Rescue crews drilled into a deep chamber where six miners are trapped in a collapsed Utah coal mine but heard no sound through a microphone lowered into the cavity.
"The fact that we have not picked any sound, I believe, should not be interpreted as bad news," Crandall Canyon Mine co-owner Robert Murray told reporters late on Thursday. "There could be a number of factors as to why sounds in there might not be picked up."
The six men have not been heard of since Monday when the mine caved in. Murray said an analysis of the air in the chamber indicated it contained 20 percent oxygen, no methane and only a small amount of carbon monoxide. "That is almost perfect air to support human life," he said.
Murray said the 2 1/2-inch (6-cm) drill had pierced through the chamber late on Thursday night. He said rescue worked would monitor the microphone while a larger, 9-inch hole was being drilled to insert a camera into the cavity.

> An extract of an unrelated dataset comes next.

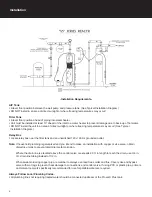 Предварительный просмотр 4 страницы CSI REACTR VS RF15VS-S2 Installation & Operation Manual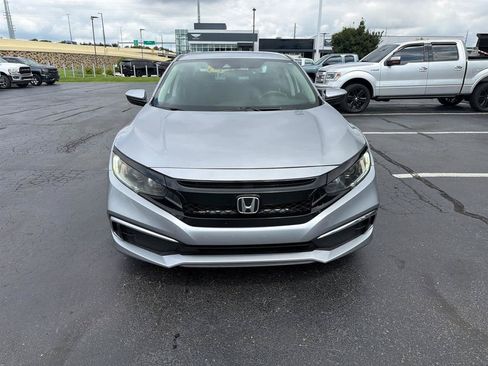 Used 2021 Honda Civic LX image 3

Murray said that it would now take at least another four to five days to reach the miners but that if they were still alive, the hole could be used to provide food, water, and air while a larger opening was created to get them out. Officials say the men could potentially survive for weeks in an underground chamber if they were not killed by the initial collapse.
Asked if the men were definitely in the target reached, Murray replied: "No, we can't be sure but we think so. We think that's where they are... They didn't move far, I'm sure, from that area." Murray has insisted that an earthquake triggered the mine's collapse but geologists dispute that, saying that shaking recorded by their instruments was caused by the cave-in.
Controversy has also risen over reports that the miners were engaged in a dangerous operation called "retreat mining" when the shaft collapsed - though Murray has denied that such a technique was being used. Retreat mining involves supporting the mine's roof with a column of coal, then removing those pillars and allowing the shaft to collapse as miners move to safety.
The Crandall Canyon Mine is on a high desert plateau some 140 miles (225 km) south of Salt Lake City, in what is known as Utah's "castle country" because of the towering rock spires that dot the bleak landscape.